Chapitre 1
Février
Ethan fredonnait doucement, perdu entre sa réflexion et le choix qui s'offrait à lui. Trop, il y en avait trop et il n'avait pas droit à l'erreur, c'était...
— Dragée, trancha-t-il enfin en attrapant un échantillon entre un index et un pouce graciles.
Face à lui, son tuteur enfonça ses propres doigts dans ses boucles brunes, grognant sa désapprobation.
— Ça va jurer.
— Chamallow, alors ?
— Tes profs doivent absolument t'apprendre qu'il y a autre chose que le rose dans la vie, mon petit. Bien que tu ne sembles pas intéressé par autre chose...
Ethan plissa les yeux en pointant une nouvelle couleur :
— Alors, rose balais-dans-le-cul, dit-il.
L'homme en face de lui leva les yeux au plafond, avec néanmoins un petit sourire amusé sur les lèvres.
— Je suis à peu près certain qu'il y a seulement écrit Rose balais, tu sais.
— Et c'est très bien.
— Ça reste du rose, Ethan. Change de nuancier.
Ethan rit, puis ramena son attention sur les bobines de fils posées devant lui. Rose clair, rose layette, rose fuchsia, rose lavande, lavande, parme, violet... Il plissa le bout du nez en essayant d'identifier la nuance exacte de la bobine suivante, mais abandonna rapidement.

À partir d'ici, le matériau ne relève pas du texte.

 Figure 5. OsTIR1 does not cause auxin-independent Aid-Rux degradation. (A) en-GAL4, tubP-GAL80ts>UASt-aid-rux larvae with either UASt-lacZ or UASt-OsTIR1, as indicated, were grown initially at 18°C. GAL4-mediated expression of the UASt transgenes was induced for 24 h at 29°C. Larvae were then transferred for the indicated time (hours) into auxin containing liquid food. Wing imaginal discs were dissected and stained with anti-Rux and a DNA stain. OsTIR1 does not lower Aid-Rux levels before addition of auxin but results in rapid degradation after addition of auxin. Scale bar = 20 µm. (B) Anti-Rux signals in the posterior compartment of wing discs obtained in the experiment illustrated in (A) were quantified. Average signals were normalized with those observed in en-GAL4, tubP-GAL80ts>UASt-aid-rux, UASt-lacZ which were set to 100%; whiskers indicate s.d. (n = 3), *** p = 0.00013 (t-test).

Peu importait, il avait déjà repéré celle qu'il lui fallait, quoi qu'en pense son vis-à-vis. Oh, peut-être pourrait-il même trouver un tissu dans ce coloris pour son prochain sweat-shirt...
— Au fait, as-tu regardé les croquis des prochaines tenues ?
La voix basse et grave de son maître de stage emplissait toujours délicieusement l'air lorsqu'elle s'élevait. Depuis deux mois à présent qu'il fréquentait dans ce petit atelier, Ethan se sentait de plus en plus à son aise. Une petite bulle qui le sortait du quotidien et l'avait happé au premier jour. L'homme en face de lui y était pour beaucoup, c'était certain, mais il aimait penser que les lieux en étaient les plus grands responsables.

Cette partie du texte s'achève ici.